1-bis. Ai fini dell’applicazione della disposizione del comma 1, non si tiene conto della non corretta classificazione, della valutazione di elementi attivi o passivi oggettivamente esistenti, rispetto ai quali i criteri concretamente applicati sono stati comunque indicati nel bilancio ovvero in altra documentazione rilevante ai fini fiscali, della violazione dei criteri di determinazione dell’esercizio di competenza, della non inerenza, della non deducibilità di elementi passivi reali.
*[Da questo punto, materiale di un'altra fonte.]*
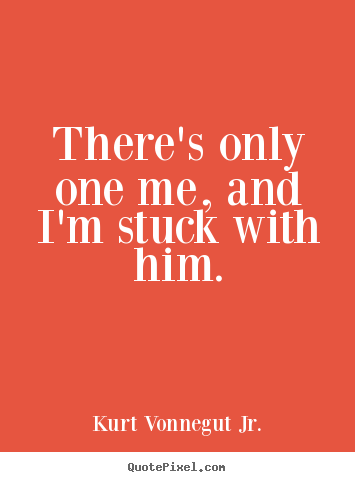 How to make picture quotes about love - There's only one me, and i'm stuck with him.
1-ter. In ogni caso, non danno luogo a fatti punibili le valutazioni che singolarmente considerate, differiscono in misura inferiore al 10 per cento da quelle corrette. Degli importi compresi in tale percentuale non si tiene conto nella verifica del superamento delle soglie di punibilità previste dal comma l, lettere a) e b).
Dichiarazione omessa
L’art. 5 dello schema di decreto introduce due modifiche al delitto di omessa dichiarazione.
Anzitutto, viene ad essere inasprito il trattamento sanzionatorio, passandosi dall’attuale range che contempla la pena da uno a tre anni di reclusione alla più rigorosa previsione che contempla un minimo di un anno e sei mesi ed un massimo di quattro anni.
In secondo luogo, quasi a controbilanciare l’irrigidimento delle conseguenze sanzionatorie, viene aumentata la soglia di imposta evasa, elevando l’attuale soglia di 30.000 euro alla nuova soglia di 50.000 euro.
Con l’art. 5 dello schema di decreto, inoltre, allo scopo di punire le condotte dei sostituti d’imposta che non presentano, essendovi obbligati, la dichiarazione di sostituto d’imposta, è stata introdotta - all’art. 5, D.Lgs. n. 74/2000 - la relativa fattispecie delittuosa che si configura quando l’ammontare delle ritenute non versate è superiore a 50.000 euro: la fattispecie è punita con la reclusione da uno a tre anni (comma 1-bis).
Testo vigente
1. È punito con la reclusione da uno a tre anni chiunque, al fine di evadere le imposte sui redditi o sul valore aggiunto, non presenta, essendovi obbligato, una delle dichiarazioni annuali relative a dette imposte, quando l’imposta evasa è superiore, con riferimento a taluna delle singole imposte a euro trentamila.
Testo modificato
1. È punito con la reclusione da un anno e sei mesi a quattro anni chiunque al fine di evadere le imposte sui redditi o sul valore aggiunto, non presenta, essendovi obbligato, una delle dichiarazioni [annuali - soppresso] relative a dette imposte, quando l’imposta evasa è superiore, con riferimento a taluna delle singole imposte ad euro cinquantamila.
1.bis. È punito con la reclusione da uno a tre anni chiunque non presenta, essendovi obbligato, la dichiarazione di sostituto d’imposta, quando l’ammontare delle ritenute non versate è superiore ad euro cinquantamila.